Comparativamente ao sector da aeronáutica, o mundo dos construtores automóveis é um newcomer em matéria de utilização de software, refere Rodrigo Maia, “Nesta perspetiva, os construtores automóveis apenas testam aplicações de software há menos de dez anos, de forma a confirmar todas as situações críticas e todas as condições de condução e de circulação”, diz, de forma a que “o software seja um elemento que garante segurança, que seja um factor de confiabilidade”.

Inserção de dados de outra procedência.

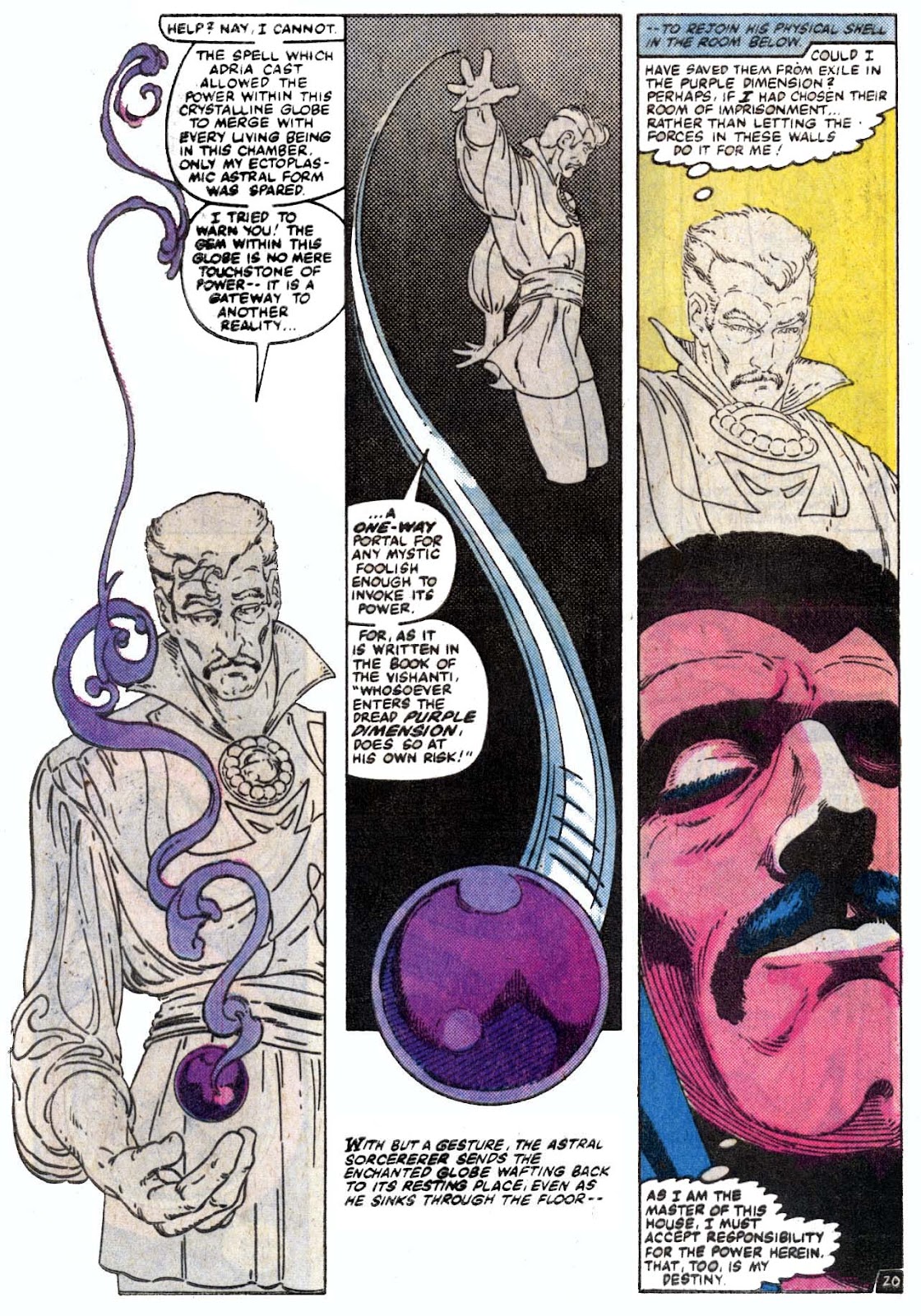 Doctor Strange (1974) issue 56 - Page 21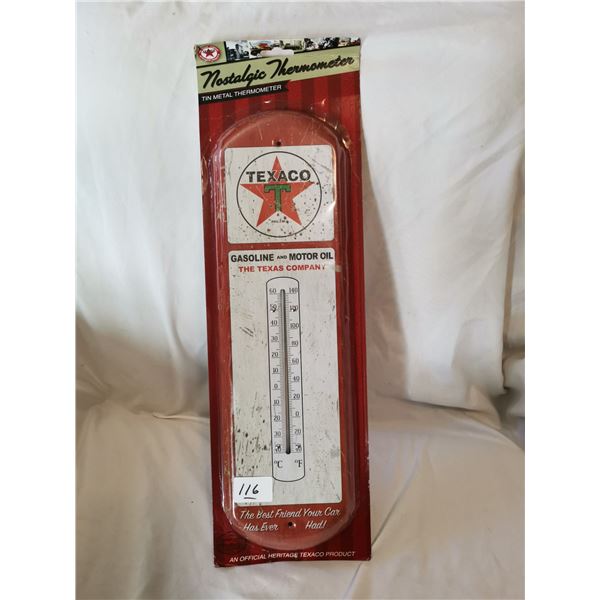 Texaco Gas and Oil Thermometer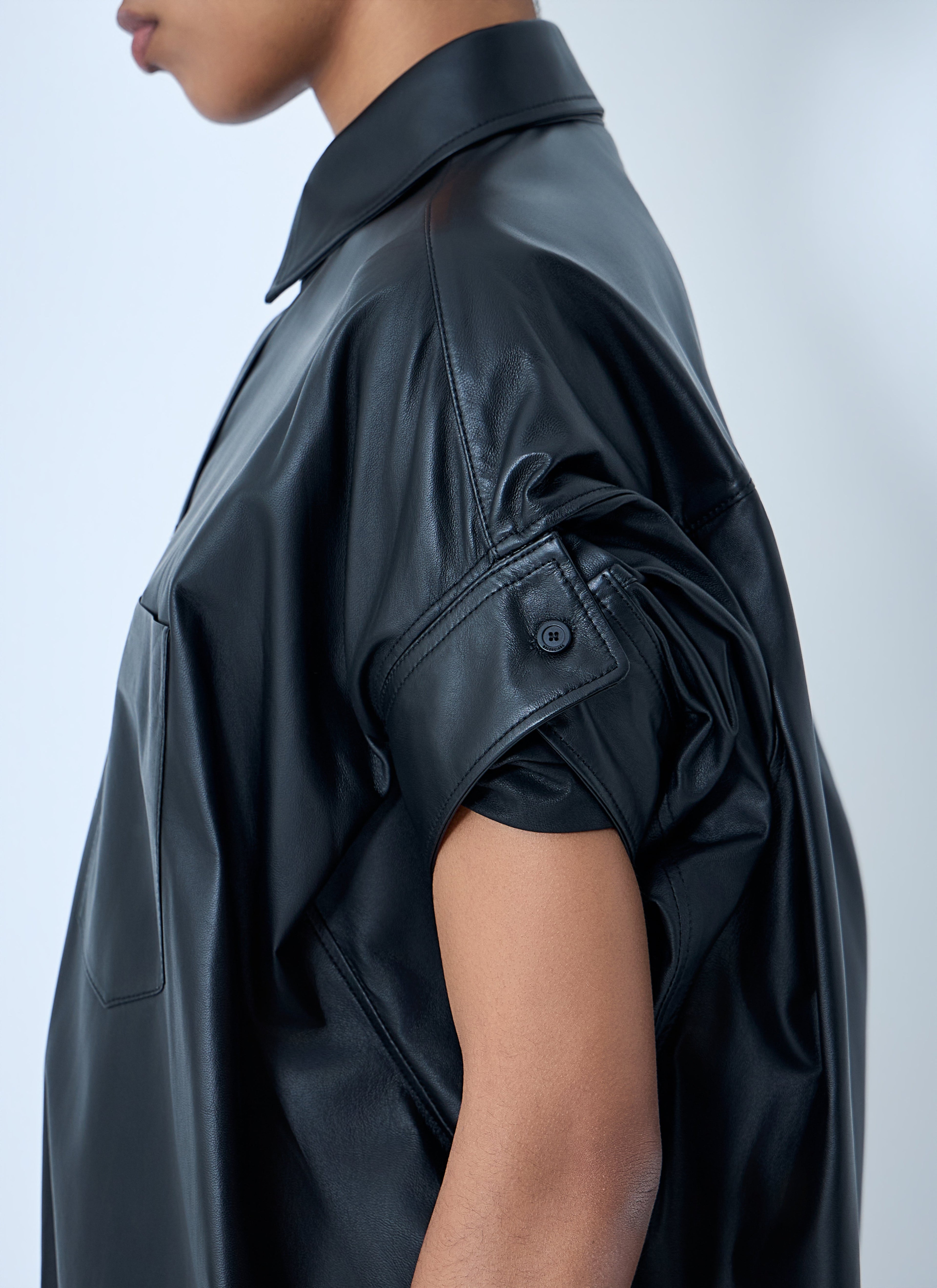 Balenciaga Women Tucked Sleeve Shirt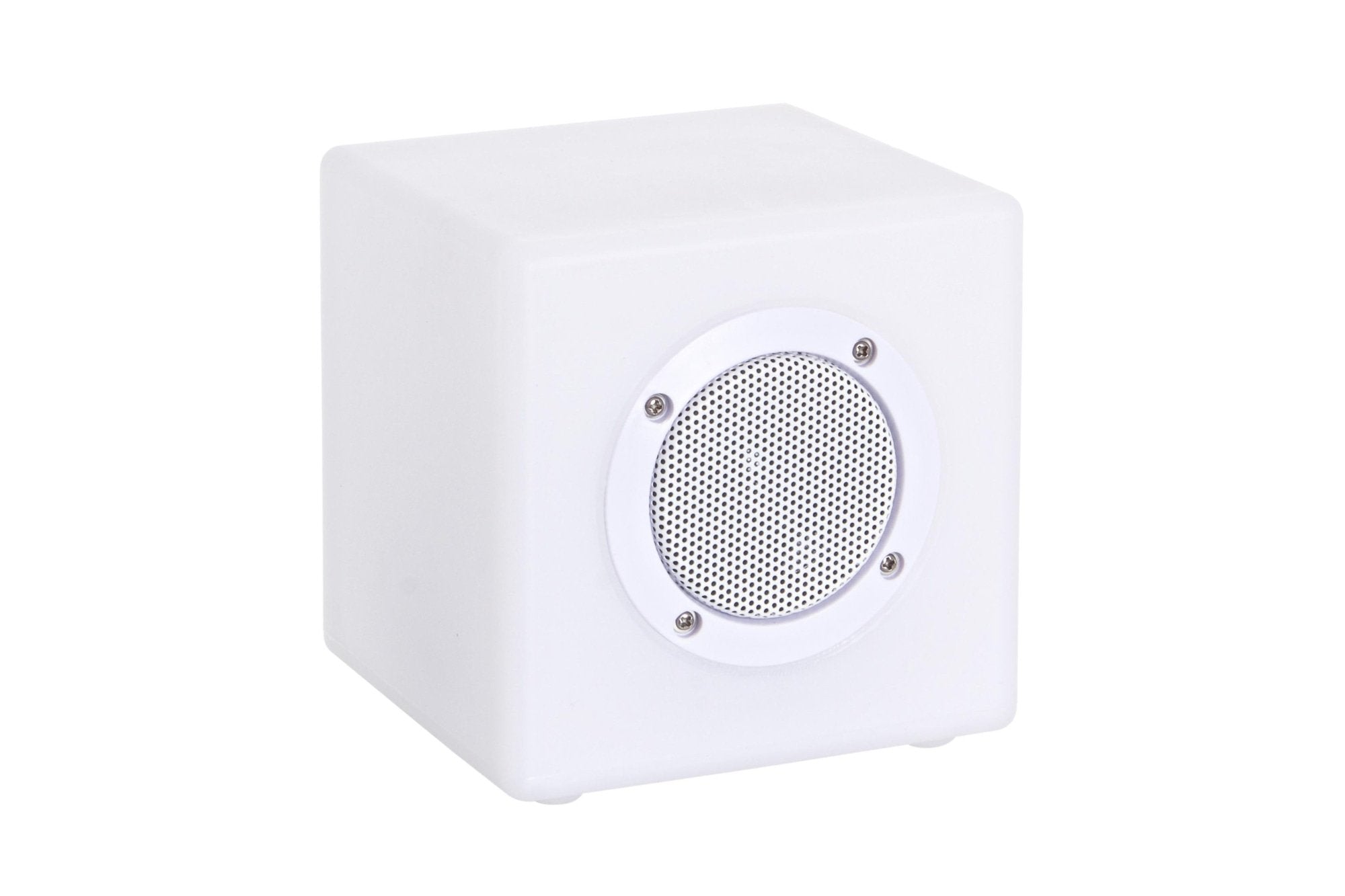 LED lámpa Bluetooth hangszóróval, Bizzotto Cube, 7 szín, USB kábel + távirányító, 15x15x15 cm, 15x15x15 cm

Efacec lidera revolução silenciosa

Na introdução da apresentação seguinte, efetuada por Ângelo Ramalho, responsável da Efacec, foi visualizado um curto vídeo onde um diálogo com crianças narrou o seu entendimento sobre o futuro, e em que uma das crianças dizia que “as pessoas vão querer coisas automáticas”. Ângelo Ramalho explicou que para ter o céu como limite será necessário continuar a “desenvolver a atual revolução silenciosa para estabelecer um novo paradigma nos sectores da energia, do ambiente e da mobilidade”. A Efacec sente-se confortável porque – diz – “trabalha nesses três sectores”.

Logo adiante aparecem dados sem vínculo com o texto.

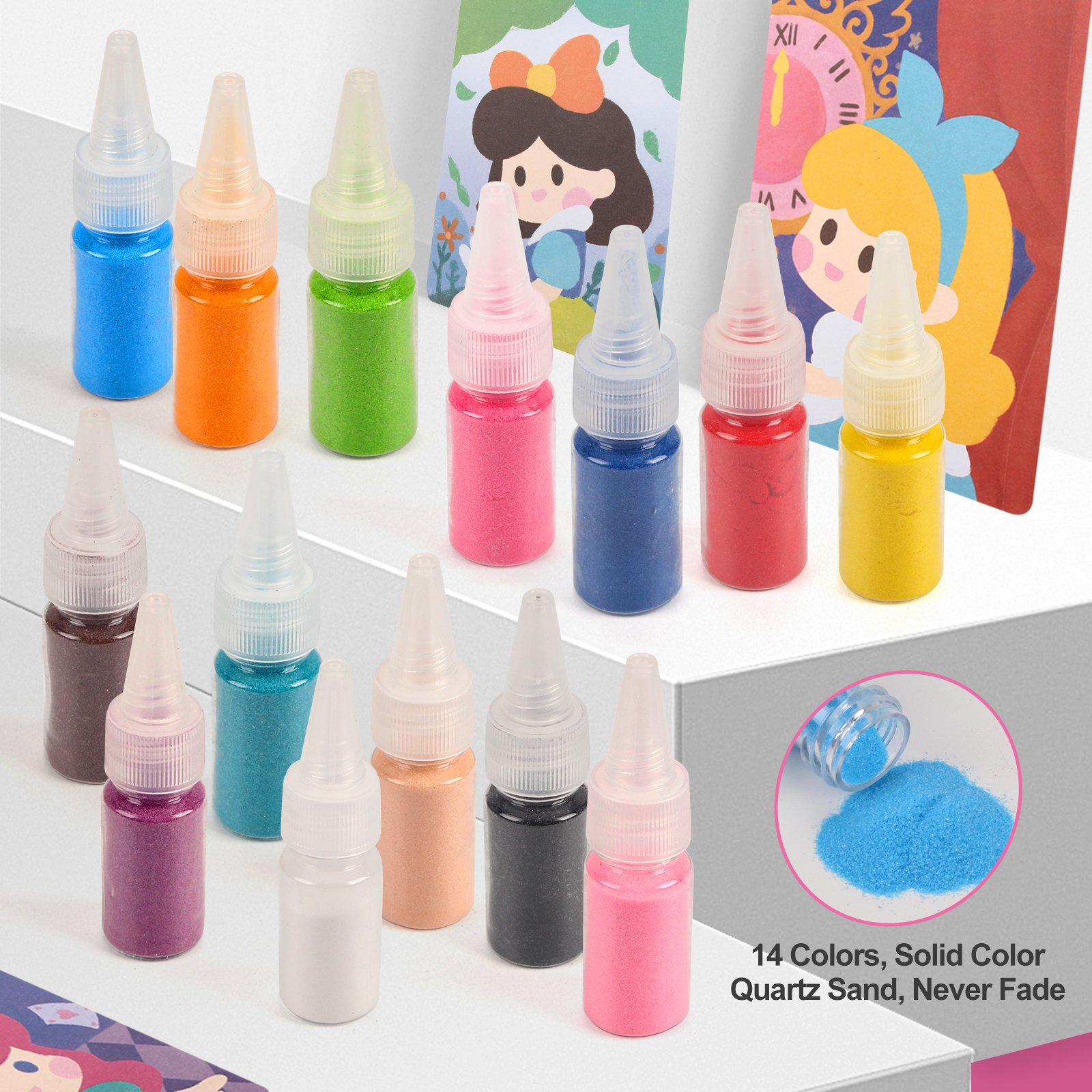Sand Art Kit DIY Sand Painting - Art Craft Notebook บทวิจารณ์และราคา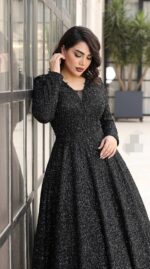 لباس مجلسی مزونی پوشیده زنانه سایز بزرگ مدل رزا - Image 2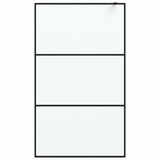 Vidaxl begehete Duschwand 115x195 cm MAT ESG Glas schwarz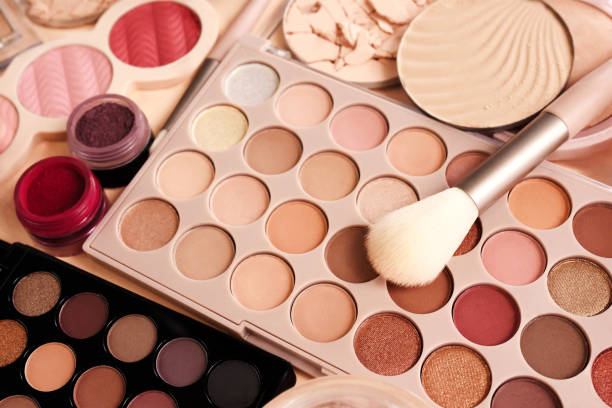 istock Varieties of face powders and foundations for perfect complexion, basic make up products to even out and matte skin, beauty cosmetics with brushes and sponges 1913471197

O mundo da mobilidade sustentável vai muito além da mobilidade elétrica (que muitas vezes se resume ao universo dos veículos autónomos elétricos), centrando-se na gestão dos fluxos de tráfego das cidades inteligentes, das redes de carregamento das baterias dos veículos, da conectividade automóvel, da energia produzida a partir de fontes renováveis, do desenvolvimento dos sistemas de armazenamento de energia, em suma, da forma como o ambiente e a mobilidade podem ser geridos com total conectividade e através da Inteligência Artificial, ao nível mais eficiente que for possível.

Ângelo Ramalho referiu que a Efacec estuda e produz soluções para este universo há já 70 anos. “Atualmente, a complexidade das soluções tende a aumentar e o binómio energia-informação será desenvolvido de forma acelerada”, refere. “Os veículos vão interagir cada vez mais com o sistema” e as motorizações a diesel deverão pertencer ao passado, fazendo uma transição com veículos híbridos, que utilizem motorizações complementares do ciclo de combustão a gasolina.

Preço das baterias desce 85% a 10 anos

Já em 2021 o preço dos veículos elétricos começará a ser mais competitivo face aos preços dos veículos convencionais e as marcas que vão produzir veículos premium terão cada vez mais motorizações elétricas, comenta Ângelo Ramalho, considerando que os carregamentos das baterias dos elétricos serão mais rápidos, senão mesmo “ultra rápidos”. “Haverá cada vez mais carregadores que serão capazes de abastecer energia para 400 quilómetros de autonomia em cerca de 10 minutos”, referiu o responsável da Efacec. Nas soluções para a mobilidade urbana, tenderá a haver maior número de soluções de “light rail” e de autocarros elétricos, aparecendo igualmente novos modelos de negócio para os sistemas de distribuição de energia – também os ecossistemas do sector da mobilidade sustentável vão ter maior complexidade, conjugando energias renováveis, armazenamento de energia e soluções específicas para os veículos elétricos, comenta o gestor da Efacec.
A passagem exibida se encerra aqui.